Wed, Feb 06, 2008 - Page 1 News List

Lu Gengsong sentenced to jail, Ching Cheong freed


Ching Cheong, reporter for the Singapore-based Straits Times newspaper, is pictured in this undated photo received on May 31, 2005.


China yesterday sentenced writer and cyber-dissident Lu Gengsong (呂耿松) to four years in jail for "inciting subversion of state power," his lawyer said.

The Intermediate People's Court in Huangzhou announced the verdict over Lu, a prolific writer on corruption, yesterday morning, his lawyer Mo Shaoping (莫少平) said by telephone.

"We decided beforehand that if he was sentenced we would appeal, so that's definitely what we'll do," Mo said.

The former lecturer's wife, daughter and two friends were present when the verdict was read at the end of a 15-minute court session, rights group Chinese Human Rights Defenders said in a statement.


Police barred other supporters and friends from attending the verdict by either putting them under house arrest or preventing them from entering the courtroom, the group said.

Lu, a 51-year-old freelance writer who was formally arrested in September, has published extensively on graft, including the book Corrupted Officials in China, which appeared in Hong Kong in 2000.

He is also known for disclosing a large number of illegal eviction cases, supporters said.

Lu's arrest was seen by rights groups as part of a major crackdown on dissent amid growing social unrest despite China's pledge to ease curbs on media and individual freedoms ahead of the Beijing Olympics.

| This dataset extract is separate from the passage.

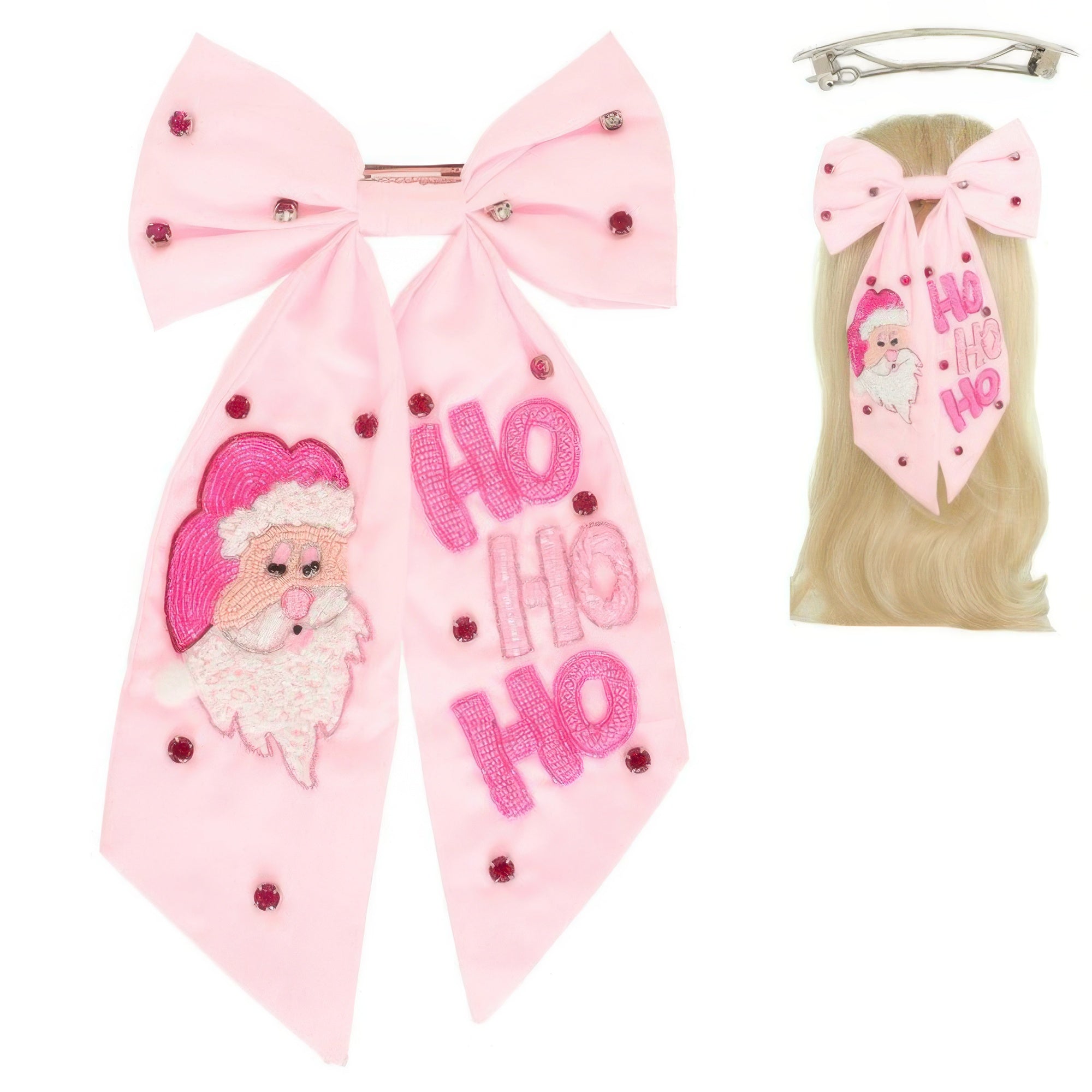 Christmas Santas Hohoho Bow Barrette Hair Clip - Wear Arielle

Paris-based Reporters Without Borders said in a report in August that at least 30 journalists and 50 cyber-dissidents were being detained in China for work that angered Chinese authorities.

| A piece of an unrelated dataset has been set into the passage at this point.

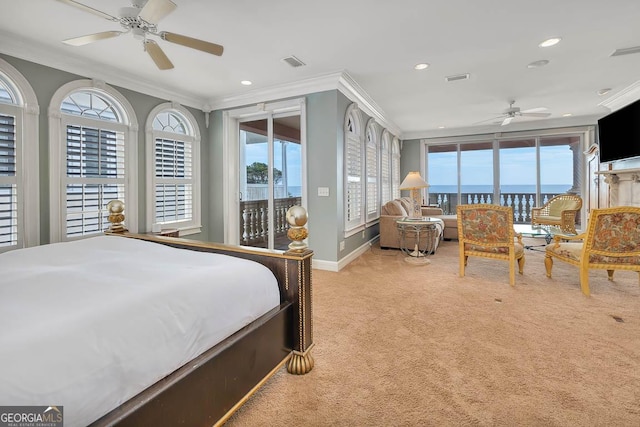 bedroom with access to outside, light colored carpet, ceiling fan, and ornamental molding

Also yesterday, China freed a Hong Kong-based reporter for a Singaporean newspaper jailed for five years for allegedly spying for Taiwan after intense lobbying from activists and politicians for clemency ahead of the Olympics.

Ching Cheong (程翔), reportedly in poor health since his detention in 2005 and whose family had pushed for an early release on medical grounds, was expected in Hong Kong yesterday afternoon, a Hong Kong official said.

"We have informed Ching Cheong's family about his release," Susana Kwong, principal information officer for the Chief Executive's office said. But she said the conditions of the release were not clear.

Hong Kong Chief Executive Donald Tsang (曾蔭權) "was particularly happy to see Ching could reunite with his family before the Lunar New Year," she said.

Ching, a reporter for Singa-pore's Straits Times newspaper, was detained in April 2005 and later sentenced to five years in jail in a high-profile case underscoring the country's curbs on the media and dissent. Beijing says strict controls are necessary to preserve stability.

Calls from around the world had persisted for Ching's early release, many citing China's express intention of fostering a more open media environment.

"I wouldn't say it's a surprise, but this news has definitely come all of a sudden," said Mak Chai-ming (麥齊明), a spokeswoman for the Ching Cheong Incident Concern Group.


Taipei welcomed the release yesterday and called for Beijing to lift all restrictions on the media and free speech.

"Like Mr Ching, many other people have been put under surveillance and house arrest or detained clandestinely by Chinese authorities for covering news or for seeking freedom of speech,'' the Mainland Affairs Council said.

"China has hoped to nurture an image corresponding with that of a rising power," the council said in a statement. "We urge the international community to push the Chinese authorities to remove their control of news and freedom of speech at an early date."